From the release note:
Fixed a problem with Serialized control methods where the semaphore associated 
with the method could be over-signaled after multiple method invocations.
Comment 23 Alexey Starikovskiy 2006-07-12 07:01:21 UTC
Created attachment 8538 [details]
Patch to move deletion of methods' namespace under its mutex

Here is a patch against 2.6.18-rc1... to move deletion of methods namespace
under mutex of this method. No more errors in dmesg on nx6125
Comment 24 Alexey Starikovskiy 2006-07-12 11:20:00 UTC
Problem still exists with the last patch.

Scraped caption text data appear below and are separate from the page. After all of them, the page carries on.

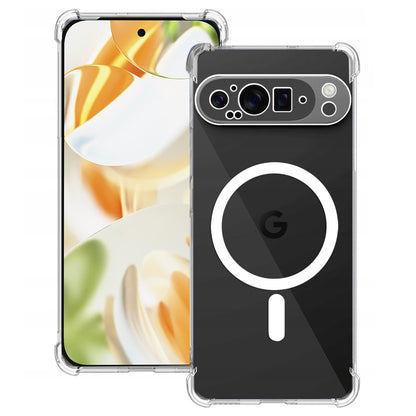 MagSafe futrola za Google Pixel 9 Pro, Techsuit, Otporna na udarce, Prozirna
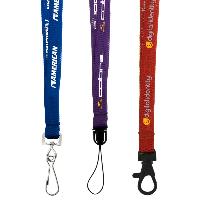 .375in Euro Soft Lanyard - Design: ENG 2x1 Type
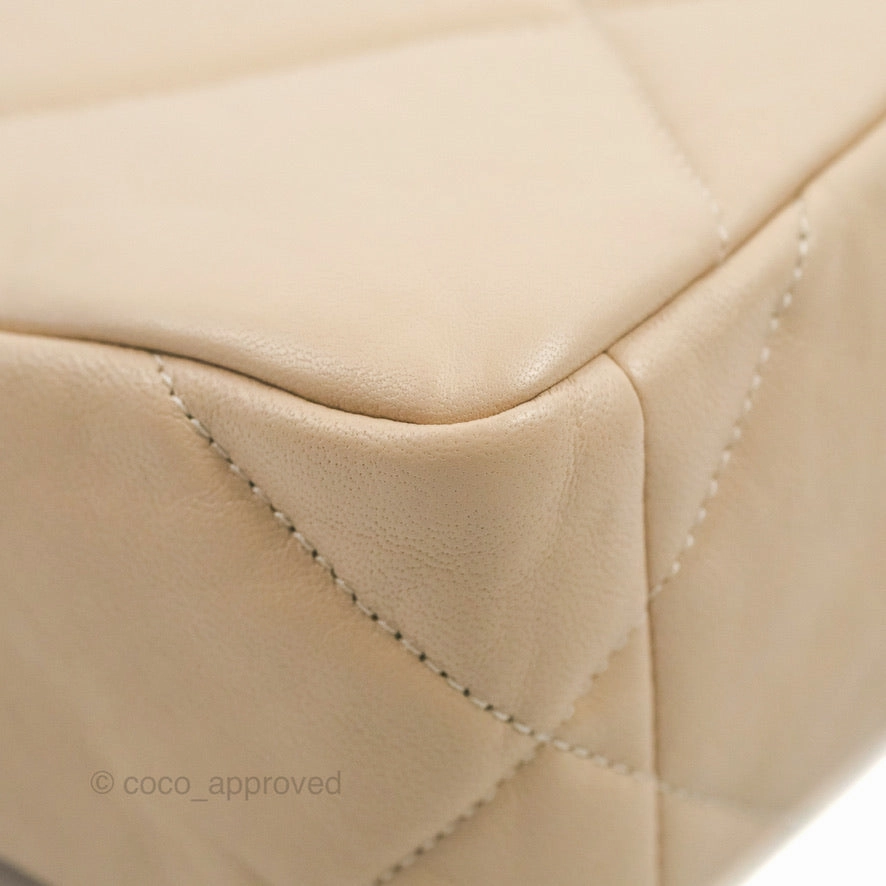 Chanel 19 Small Beige Mixed Hardware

Comment 25 Robert Moore 2006-07-12 15:08:05 UTC
RE: Patch in comment #23

The interpreter is locked during the execution of TerminateMethod, therefore 
another thread cannot begin execution of a method. I believe that this means 
that the signal/deletion order should not matter.

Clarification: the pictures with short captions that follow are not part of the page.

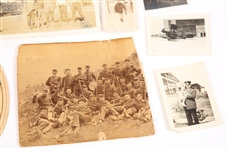19TH & 20TH C. SOLDIER & WARTIME PHOTOS - LOT OF 11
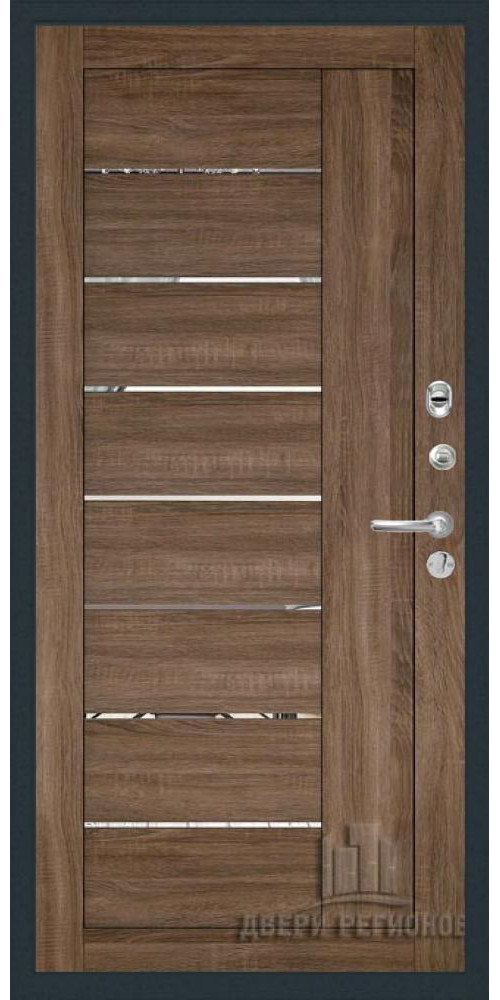 Входная дверь Regidoors Президент X7 LIGHT 2110 с зеркалом Входная дверь Regidoors Президент X7 LIGHT 2110 с зеркалом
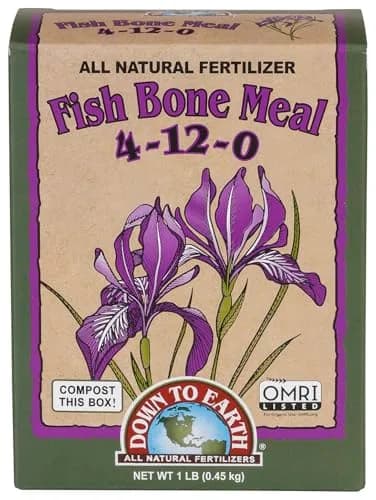 Down To Earth All Natural Fertilizers Organic Fish Bone Meal 1 lb | Organic & OMRI Listed, Slow-Release, Boosts Root & Flower Growth thumbnail 1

Comment 26 Robert Moore 2006-09-28 15:10:06 UTC
Jul  7 21:57:14 linux kernel: ACPI Error (dsfield-0441): [C0A4] Namespace 
lookup failure, AE_ALREADY_EXISTS
Jul  7 21:57:14 linux kernel: ACPI Error (dsfield-0441): [C0A5] Namespace 
lookup failure, AE_ALREADY_EXISTS
Jul  7 21:57:14 linux kernel: ACPI Error (dsfield-0441): [C0A6] Namespace 
lookup failure, AE_ALREADY_EXISTS
Jul  7 21:57:14 linux kernel: ACPI Error (dsfield-0441): [C0A7] Namespace 
lookup failure, AE_ALREADY_EXISTS
Jul  7 21:57:14 linux kernel: ACPI Error (dsfield-0441): [C0A8] Namespace 
lookup failure, AE_ALREADY_EXISTS
Jul  7 21:57:14 linux kernel: ACPI Error (dsfield-0441): [C0A9] Namespace 
lookup failure, AE_ALREADY_EXISTS
Jul  7 21:57:14 linux kernel: ACPI Error (dsfield-0441): [C0AA] Namespace 
lookup failure, AE_ALREADY_EXISTS
Jul  7 21:57:14 linux kernel: ACPI Error (psargs-0355): [C0A7] Namespace 
lookup failure, AE_NOT_FOUND

If these do not go away, try the acpi_serialize option.

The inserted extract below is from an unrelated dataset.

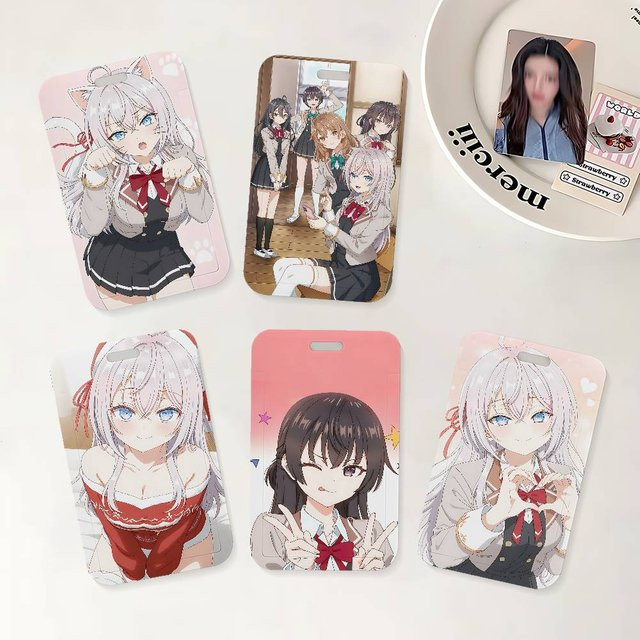 Anime Alya Sometimes Hides Her Feelings In Russian Ausweishalter mit Umhängeband in Multicolour für Schule und Büro - Bild 1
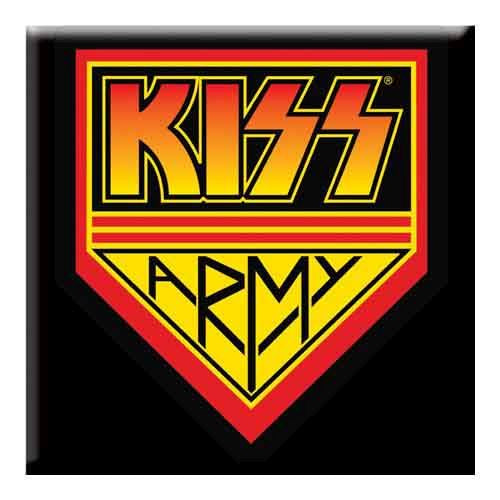 Kiss - Magnet (75mm x 75mm) - Kiss Army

Comment 27 Natalie Protasevich 2007-10-22 22:49:26 UTC
Any update on this problem please.
Thanks.
Comment 28 Norbert Preining 2007-10-22 22:57:35 UTC
As I said already, I am for closing this bug, since quite some time it does not occur anymore.
Comment 29 Natalie Protasevich 2007-10-22 23:04:06 UTC
Len, Alexey, would you agree we should close this bug?